Disability Incarcerated has much to offer graduate students of sociology and criminology who are grappling with classical and contemporary constructions of agency and structure. Explicating (and excavating) the individual out of the rubble of our contemporary bureaucracies is no easy task. Even so, Nirmala Erevelles writes, in “Crippin’ Jim Crow: Disability, Dis-location, and the School-to-Prison Pipeline,”
There is rarely a “biological” basis for these labels (disability, at-risk). It is also generally understood that the assignment of these labels are [sic] arbitrary—I would say historical . . . . The material consequences of these assignments are horribly damaging—students move from segregated classrooms to alternative schools to becoming school dropouts to becoming completely alienated from the labor market and the wider social world and eventually many find themselves in prison—a humiliating passage along the school to prison pipeline. (p. 96)
Discussions like this are not only germane for graduate students of sociology and criminology; such discussions are critical for the health and well-being of our social order.
The anthology reminds the reader of what is hiding in plain sight, that hundreds of millions of citizens are processed daily through a labyrinth of bureaucracies that snake through western civilizations, managing and regulating the behavior of rivers of individuals. Western civilizations and the citizens that these bureaucracies are charged with disciplining are more often than not born into bureaucracies (hospitals), educated in bureaucracies (public school systems), work within bureaucracies (private and state systems of employment), and die within bureaucracies (hospitals again). From cradle to grave, individuals must negotiate their own life course as they all constantly interact, willingly and unwillingly (with jails, prisons, and/or asylums), with numerous bureaucracies, all within the confines of Weber’s Iron Cage.
Disability Incarcerated consistently and successfully maps yesterday and today’s rational legal landscape of authority, knowledge, and power.
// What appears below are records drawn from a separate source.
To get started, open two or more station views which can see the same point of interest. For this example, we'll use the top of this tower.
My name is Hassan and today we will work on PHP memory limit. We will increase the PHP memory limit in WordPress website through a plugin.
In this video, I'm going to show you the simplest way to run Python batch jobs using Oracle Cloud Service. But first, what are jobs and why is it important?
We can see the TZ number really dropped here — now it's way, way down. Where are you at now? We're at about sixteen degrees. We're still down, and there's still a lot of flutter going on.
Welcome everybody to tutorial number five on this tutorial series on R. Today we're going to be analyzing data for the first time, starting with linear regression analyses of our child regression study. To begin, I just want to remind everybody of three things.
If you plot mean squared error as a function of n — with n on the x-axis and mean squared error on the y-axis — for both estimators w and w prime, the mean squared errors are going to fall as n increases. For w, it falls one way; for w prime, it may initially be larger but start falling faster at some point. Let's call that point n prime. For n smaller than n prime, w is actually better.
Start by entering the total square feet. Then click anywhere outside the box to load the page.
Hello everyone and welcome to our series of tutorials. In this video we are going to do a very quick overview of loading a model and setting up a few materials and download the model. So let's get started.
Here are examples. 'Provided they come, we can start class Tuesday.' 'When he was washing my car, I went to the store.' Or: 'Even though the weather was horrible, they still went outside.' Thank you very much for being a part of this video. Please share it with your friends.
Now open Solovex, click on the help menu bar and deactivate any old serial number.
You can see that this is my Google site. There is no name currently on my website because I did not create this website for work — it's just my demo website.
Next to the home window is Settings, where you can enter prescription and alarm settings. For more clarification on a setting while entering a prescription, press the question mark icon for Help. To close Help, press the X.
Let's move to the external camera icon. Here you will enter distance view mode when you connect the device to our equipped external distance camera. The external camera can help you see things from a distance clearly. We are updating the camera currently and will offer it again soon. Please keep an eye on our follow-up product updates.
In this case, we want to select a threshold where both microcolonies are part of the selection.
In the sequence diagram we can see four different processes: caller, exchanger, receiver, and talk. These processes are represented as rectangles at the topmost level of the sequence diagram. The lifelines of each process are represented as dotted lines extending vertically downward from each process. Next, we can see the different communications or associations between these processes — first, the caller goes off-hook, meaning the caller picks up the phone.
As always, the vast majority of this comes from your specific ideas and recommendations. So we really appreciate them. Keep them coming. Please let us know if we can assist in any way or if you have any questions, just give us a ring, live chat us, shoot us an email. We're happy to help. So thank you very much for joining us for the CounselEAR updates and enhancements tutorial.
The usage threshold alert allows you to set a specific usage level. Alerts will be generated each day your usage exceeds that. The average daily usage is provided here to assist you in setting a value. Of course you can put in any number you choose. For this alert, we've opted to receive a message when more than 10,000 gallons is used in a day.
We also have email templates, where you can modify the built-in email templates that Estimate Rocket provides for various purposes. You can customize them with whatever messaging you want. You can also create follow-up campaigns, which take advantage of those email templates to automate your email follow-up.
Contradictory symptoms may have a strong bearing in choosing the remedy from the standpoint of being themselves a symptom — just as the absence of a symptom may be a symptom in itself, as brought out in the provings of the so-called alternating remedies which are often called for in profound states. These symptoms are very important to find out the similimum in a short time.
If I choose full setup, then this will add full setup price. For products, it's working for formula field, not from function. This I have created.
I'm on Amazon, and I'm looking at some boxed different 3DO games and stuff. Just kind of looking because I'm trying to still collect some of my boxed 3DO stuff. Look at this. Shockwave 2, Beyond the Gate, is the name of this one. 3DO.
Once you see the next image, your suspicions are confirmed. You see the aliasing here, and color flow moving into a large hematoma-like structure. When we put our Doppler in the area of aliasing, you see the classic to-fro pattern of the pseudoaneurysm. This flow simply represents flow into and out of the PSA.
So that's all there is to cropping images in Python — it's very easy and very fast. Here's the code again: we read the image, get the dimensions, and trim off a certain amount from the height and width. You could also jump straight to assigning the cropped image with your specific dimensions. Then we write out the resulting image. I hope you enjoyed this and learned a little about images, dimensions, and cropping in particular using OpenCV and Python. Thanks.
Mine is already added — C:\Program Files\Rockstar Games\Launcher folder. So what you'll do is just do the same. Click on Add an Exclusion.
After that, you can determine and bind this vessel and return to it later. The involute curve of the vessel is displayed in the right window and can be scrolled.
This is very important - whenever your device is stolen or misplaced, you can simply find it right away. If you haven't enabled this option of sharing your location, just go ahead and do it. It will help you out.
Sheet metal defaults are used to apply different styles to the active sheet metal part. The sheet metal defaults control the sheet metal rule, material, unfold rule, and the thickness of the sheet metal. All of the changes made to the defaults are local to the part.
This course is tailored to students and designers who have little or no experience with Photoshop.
It is a landscape that normalizes (and de-normalizes) all citizens, whether or not they choose to participate. It is a landscape that regularly demonstrates the forces of institutionalization and power with outcomes that regularly and historically privilege some races and classes to the detriment of the “The Disabled” and to the detriment of “The Other.” Weber’s idealized model of a rationally organized institution hinges upon its ability to consistently demonstrate “impersonality.” Nevertheless, populating “impersonal spaces” with “persons” has created new chapters of cruelty within the histories of humanity.
Disability Incarcerated instructs the reader to empty the structures of oppression and shut down the institutions of coercion and cruelty. In the words of Liat Ben-Moshe,
The goal is not to replace one form of control, such as hospital, institution, and prison, with another, such as psychopharmaceuticals, nursing homes, and group homes. The aspiration is to fundamentally change the way we respond to difference or harm, the way normalcy is defined, the ways resources are distributed and accessed, and the ways we respond to each other. (p. 269)
In summation, this anthology encourages all readers to imagine a “noncarceral future.” As a result, all of the contributors should be applauded for embracing bold and transformative scholarship.